The Oklahoman Online 4/7/99 Thomas Sowell Freeper Penny "...RUSSIA has gone to war over the Balkans three times within the span of one century. Yet our politicians and media pundits seem to pay little attention to the danger that Russia will escalate its military aid to the Serbs -- even though there have already been rumblings out of Moscow about sending "volunteers" to fight against NATO and about the possibility of equipping the Serbs with tactical nuclear weapons. ...."

 

NewsMax 4/12/99 Edward Lowaneski "...On a visit to Moscow in the first days of April, I have heard many pro-western intellectuals expressing deep concern with the dangerous erosion of America's ideals and principles on which the country was built. Says, Gavriil Popov, first democratically elected Mayor of Moscow: "According to polls American people are reaching a point where they condone perjury and breaking international law and if such a belief becomes widely held, America will be rocked to its foundation which would have dire consequences for the entire world" For those of us who lived under the communist regime and fought it, America was always a symbol and guarantor of freedom and justice.
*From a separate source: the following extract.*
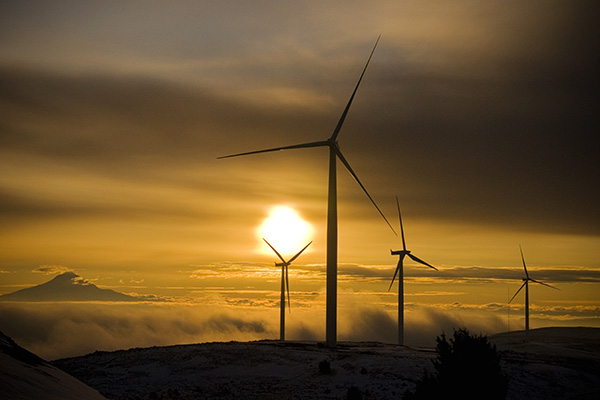 Wind farm at sunset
America gave us the strength and courage. In times of despair, we would pass by the US Embassy in Moscow and the star-spangled banner would give us a tremendous boost of morale. Today, the embassy walls are covered by eggs, tomatoes and ink. The American flag is burned, and not only by communists or fascists. I saw a large group of young people who did not throw eggs or burn flags, but what they did was even more troubling. They displayed a poster saying "Goodbye, America, Ideal of Freedom". I asked them why they were there. It turned out that some of them had studied in America on US government grants. One young man said, "We feel betrayed because we thought America sincerely wants Russia to become a free, prosperous and democratic country, part of the West. Now wittingly or unwittingly America helps the red-brown coalition to win the Duma elections and enter the Kremlin. Each day of bombing brings this coalition closer to power". Because of this very fact he suggested that both Clinton and Albright should be nominated as Honorary Members of the Russian Communist Party...."

 

NY Times 4/17/99 AP "...A leading Russian politician warned today that the United States and NATO could spark another Vietnam and possibly World War III if they send ground troops to Yugoslavia. ``In the event that NATO and America start a ground operation in Yugoslavia, they will face a second Vietnam,'' Moscow Mayor Yuri Luzhkov said. ``I do not want to forecast what is going to start then. I cannot rule out a third world war.'' ..."

 

www.yu/ 4/18/99 Freeper Ymani Cricket "BRITAIN sent a second Trident nuclear submarine to sea within hours of the Russian threat to re-target Moscow's nuclear missiles on the West. The move almost certainly means that the UK went on a higher level of nuclear alert, indicating that the Russian threat was taken much more seriously than the Government admitted at the time...."

 

UPI (via Drudge Report) 4/16/99 "...A new Russian poll indicates a sharp change in public opinion, with a severe drop in Russians' approval of the United States because of the continuing NATO bombardment of Yugoslavia. The poll of 1,500 people, released today by the respected Foundation of Public Opinion, shows 72 percent dislike the United States, up sharply from 28 percent in a similar poll conducted before the airstrikes began, while only 14 percent approve of the United States, down from 57 percent in the previous survey...."

 

STRATFOR's Global Intelligence Update 4/18/99 "...The war in Kosovo grew out of fundamental miscalculations in Washington, particularly concerning the effect Russian support had on Milosevic's thinking. So long as Milosevic feels he has Russian support, he will act with confidence. If Russia wavers, Milosevic will have to deal. With the air war stalemated and talks of ground attack a pipe dream, diplomacy remains NATO's best option. That option depends on Russian cooperation. However, Russian cooperation will cost a great deal of money. That brings us to the IMF, the Germans, and former Russian Prime Minister Viktor Chernomyrdin, who is Russia's new negotiator on Serbia, a leading economic reformer and a good friend of the West...."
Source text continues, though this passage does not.